### Brief
Take the data below and write it out exactly, except for the pictures.

### Supplied information
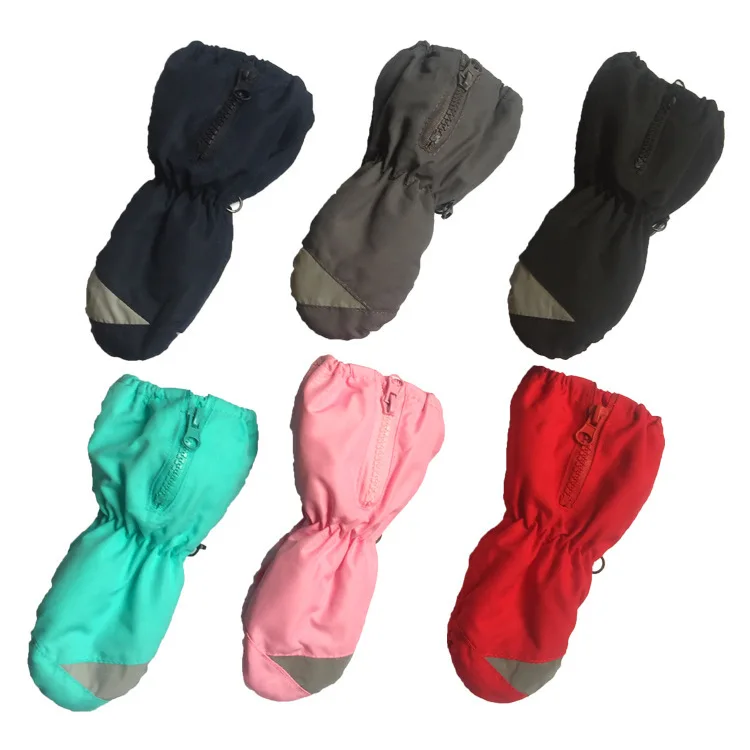 Yolo 4-7 year old Custom kids Winter Snow Skiing gloves children Mittens children outdoor sport gloves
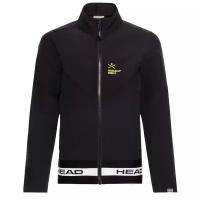 Толстовка Горнолыжная Детская Head Race Jacket Jr Black (Рост:140)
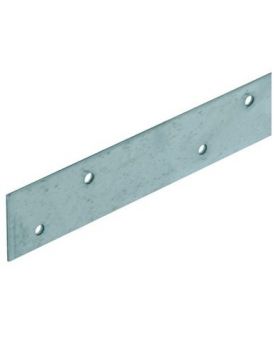 Verbindingsplaat 105X15X2mm Gegalvaniseerd - 10 stuks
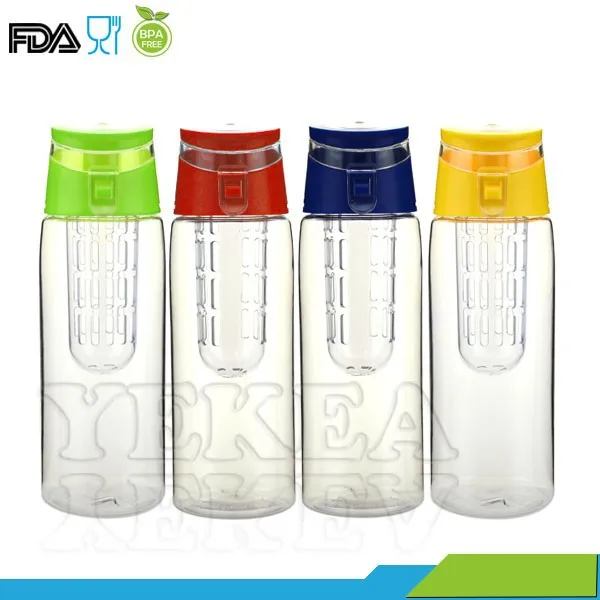 Hot new products for 2015 , colored plastic bottles , good quality Water Sports with private label .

### Exercise result
 Yolo 4-7 year old Custom kids Winter Snow Skiing gloves children Mittens children outdoor sport gloves
 Толстовка Горнолыжная Детская Head Race Jacket Jr Black (Рост:140)
 Verbindingsplaat 105X15X2mm Gegalvaniseerd - 10 stuks
 Hot new products for 2015 , colored plastic bottles , good quality Water Sports with private label .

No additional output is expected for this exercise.